> **SOURCE DATA**
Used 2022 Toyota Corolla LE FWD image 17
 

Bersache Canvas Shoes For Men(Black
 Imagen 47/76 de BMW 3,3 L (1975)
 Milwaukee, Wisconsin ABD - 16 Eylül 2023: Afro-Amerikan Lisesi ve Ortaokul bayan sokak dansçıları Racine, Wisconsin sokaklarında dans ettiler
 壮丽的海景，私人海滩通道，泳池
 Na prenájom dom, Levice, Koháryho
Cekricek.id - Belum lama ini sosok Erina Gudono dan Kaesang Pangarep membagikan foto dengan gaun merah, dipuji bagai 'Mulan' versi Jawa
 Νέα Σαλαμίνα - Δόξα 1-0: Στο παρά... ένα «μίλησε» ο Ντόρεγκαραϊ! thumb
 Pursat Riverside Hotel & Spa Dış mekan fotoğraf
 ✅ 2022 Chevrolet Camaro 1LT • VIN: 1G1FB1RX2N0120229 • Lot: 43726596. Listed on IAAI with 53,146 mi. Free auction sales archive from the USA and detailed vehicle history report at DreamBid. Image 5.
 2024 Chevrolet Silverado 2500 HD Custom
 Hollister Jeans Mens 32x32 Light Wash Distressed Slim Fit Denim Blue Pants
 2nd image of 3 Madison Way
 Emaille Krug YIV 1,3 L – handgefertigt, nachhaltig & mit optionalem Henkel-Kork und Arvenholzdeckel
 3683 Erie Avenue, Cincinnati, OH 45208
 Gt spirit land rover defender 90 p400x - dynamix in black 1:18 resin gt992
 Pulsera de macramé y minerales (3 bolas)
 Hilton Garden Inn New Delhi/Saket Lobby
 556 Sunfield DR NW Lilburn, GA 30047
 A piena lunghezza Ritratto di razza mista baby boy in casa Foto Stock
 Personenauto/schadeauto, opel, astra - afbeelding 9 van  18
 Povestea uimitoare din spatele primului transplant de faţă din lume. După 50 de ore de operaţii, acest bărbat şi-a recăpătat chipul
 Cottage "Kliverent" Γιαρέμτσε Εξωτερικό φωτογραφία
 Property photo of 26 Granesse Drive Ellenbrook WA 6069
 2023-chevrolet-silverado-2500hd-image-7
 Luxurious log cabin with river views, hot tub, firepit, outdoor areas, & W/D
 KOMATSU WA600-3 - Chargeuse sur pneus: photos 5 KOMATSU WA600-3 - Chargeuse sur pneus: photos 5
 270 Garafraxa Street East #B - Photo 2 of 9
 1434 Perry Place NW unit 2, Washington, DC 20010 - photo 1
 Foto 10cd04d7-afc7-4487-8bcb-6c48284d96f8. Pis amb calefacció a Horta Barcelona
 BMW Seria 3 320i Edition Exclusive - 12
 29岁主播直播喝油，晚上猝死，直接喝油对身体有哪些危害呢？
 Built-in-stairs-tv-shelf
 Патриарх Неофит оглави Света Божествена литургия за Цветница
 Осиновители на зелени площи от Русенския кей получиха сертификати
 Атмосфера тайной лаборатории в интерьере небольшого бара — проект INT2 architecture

> **ACTIVITY**
In the entries, find every line holding "with" and copy it.

> **EXERCISE ANSWER**
 ✅ 2022 Chevrolet Camaro 1LT • VIN: 1G1FB1RX2N0120229 • Lot: 43726596. Listed on IAAI with 53,146 mi. Free auction sales archive from the USA and detailed vehicle history report at DreamBid. Image 5.
 Luxurious log cabin with river views, hot tub, firepit, outdoor areas, & W/D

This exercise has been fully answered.